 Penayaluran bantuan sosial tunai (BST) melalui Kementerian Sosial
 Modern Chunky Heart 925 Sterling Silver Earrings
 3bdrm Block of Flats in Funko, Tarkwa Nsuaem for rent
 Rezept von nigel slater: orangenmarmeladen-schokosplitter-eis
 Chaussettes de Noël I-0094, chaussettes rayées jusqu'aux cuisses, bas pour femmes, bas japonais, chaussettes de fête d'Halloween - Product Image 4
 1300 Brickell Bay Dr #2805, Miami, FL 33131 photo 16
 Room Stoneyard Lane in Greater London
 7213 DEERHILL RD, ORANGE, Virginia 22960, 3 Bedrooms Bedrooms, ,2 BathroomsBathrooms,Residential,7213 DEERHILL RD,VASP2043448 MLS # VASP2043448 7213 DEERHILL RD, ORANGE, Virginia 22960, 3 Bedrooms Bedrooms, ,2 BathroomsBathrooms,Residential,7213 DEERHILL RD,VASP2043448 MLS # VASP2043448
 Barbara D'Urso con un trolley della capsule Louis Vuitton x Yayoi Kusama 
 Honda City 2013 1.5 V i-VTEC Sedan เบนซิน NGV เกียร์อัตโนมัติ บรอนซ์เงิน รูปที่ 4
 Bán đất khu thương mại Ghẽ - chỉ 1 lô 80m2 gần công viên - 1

========

> [WHAT IS NEEDED]
Return the whole listing exactly, with every line included.

> [RESPONSE TO THE TASK]
 Penayaluran bantuan sosial tunai (BST) melalui Kementerian Sosial
 Modern Chunky Heart 925 Sterling Silver Earrings
 3bdrm Block of Flats in Funko, Tarkwa Nsuaem for rent
 Rezept von nigel slater: orangenmarmeladen-schokosplitter-eis
 Chaussettes de Noël I-0094, chaussettes rayées jusqu'aux cuisses, bas pour femmes, bas japonais, chaussettes de fête d'Halloween - Product Image 4
 1300 Brickell Bay Dr #2805, Miami, FL 33131 photo 16
 Room Stoneyard Lane in Greater London
 7213 DEERHILL RD, ORANGE, Virginia 22960, 3 Bedrooms Bedrooms, ,2 BathroomsBathrooms,Residential,7213 DEERHILL RD,VASP2043448 MLS # VASP2043448 7213 DEERHILL RD, ORANGE, Virginia 22960, 3 Bedrooms Bedrooms, ,2 BathroomsBathrooms,Residential,7213 DEERHILL RD,VASP2043448 MLS # VASP2043448
 Barbara D'Urso con un trolley della capsule Louis Vuitton x Yayoi Kusama 
 Honda City 2013 1.5 V i-VTEC Sedan เบนซิน NGV เกียร์อัตโนมัติ บรอนซ์เงิน รูปที่ 4
 Bán đất khu thương mại Ghẽ - chỉ 1 lô 80m2 gần công viên - 1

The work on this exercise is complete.